Last year a policeman in North Philadelphia did fatally shoot an unarmed man in the back. Years earlier, that same policeman shot another unarmed man in the back, leaving that man paralyzed. This fired-but-never-arrested policeman, who’s trying to get his police job back through arbitration, recently made news when he landed a job at the patronage-laden Philadelphia Parking Authority.

While authorities took unusual action in the Rose shooting, some business-as-usual aspects in that incident raise issues of principal (right vs. wrong) for Holbrook and many others.

Unusual for fatal police shootings, authorities have filed a criminal homicide charge against the policeman who shot Rose – Michael Rosfeld.

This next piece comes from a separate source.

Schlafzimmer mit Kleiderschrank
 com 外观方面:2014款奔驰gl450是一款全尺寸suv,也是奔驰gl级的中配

However, consistent with breaks too often extended to police accused of wrongdoing, a district justice released Rosfeld instead of holding him in pre-trial detention, an action that magistrate admitted was a first for any murder suspect he’d handled in 39 years.

Further, the Pittsburgh judge now handling matters involving Rosfeld is a lifelong friend of Rosfeld’s attorney and is a jurist investigated for his use of the N-word…multiple allegations other judges dismissed.

“We want [that judge] off this case,” Holbrook said.

Holbrook’s drive for justice in incidents like the Rose shooting is itself unusual.

Holbrook knows injustices from color-coded inequities embedded in the justice system through personal experience: he was a ‘juvenile lifer’ in Pennsylvania – the state once stained with the largest population of prisoners sentenced to life terms as teens.

Earlier this year Holbrook, who developed into a noted human rights activist and insightful essay writer while incarcerated, gained release after 27 years in prison on that life sentence for his presence at a fatal crime committed on his 16th Birthday.